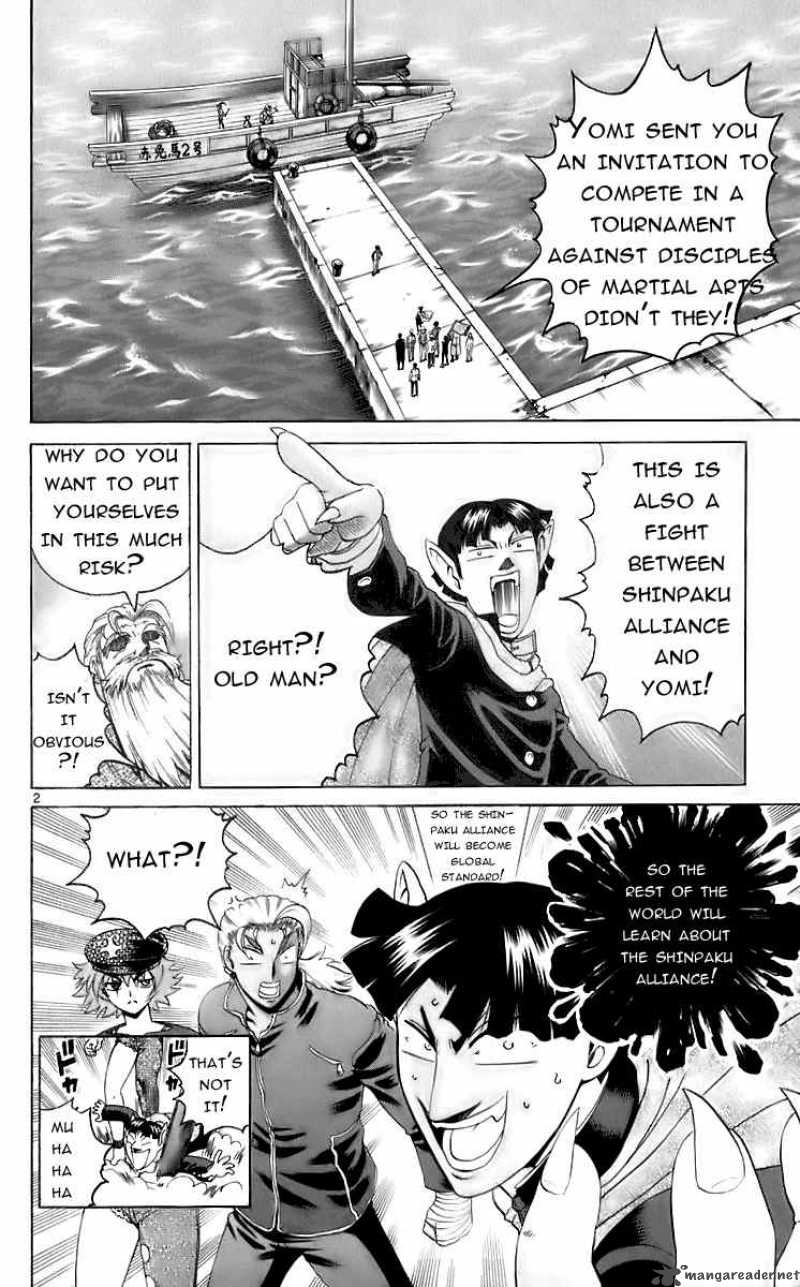 History’s Strongest Disciple Kenichi Chapter 198 - Page 2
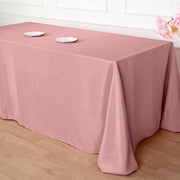 90" x 156" Polyester Rectangular Tablecloth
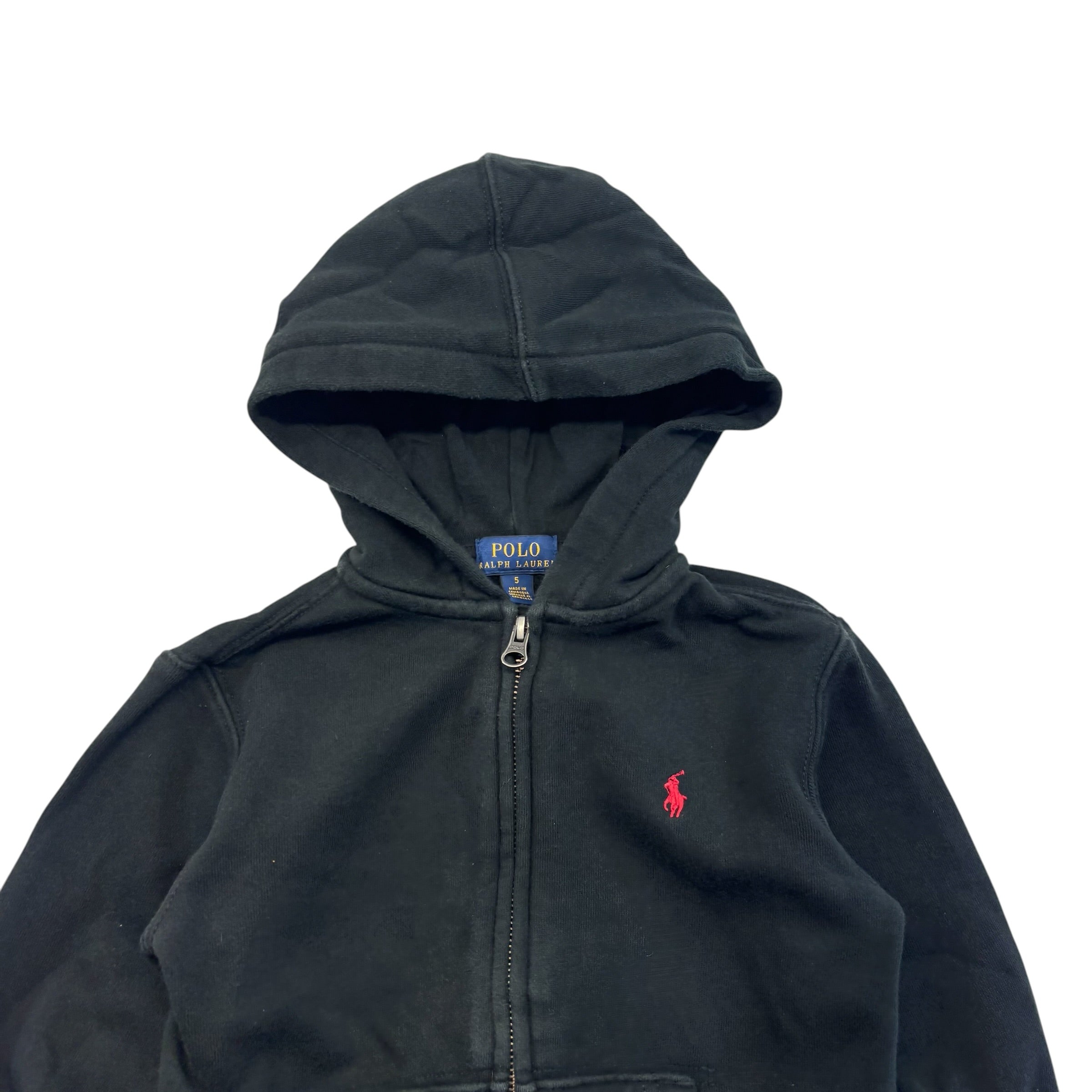 Ralph Lauren Black Hoodie (5)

···

Without copying any picture, repeat the full listing above word for word.

__Completed task__
 History’s Strongest Disciple Kenichi Chapter 198 - Page 2
 90" x 156" Polyester Rectangular Tablecloth
 Ralph Lauren Black Hoodie (5)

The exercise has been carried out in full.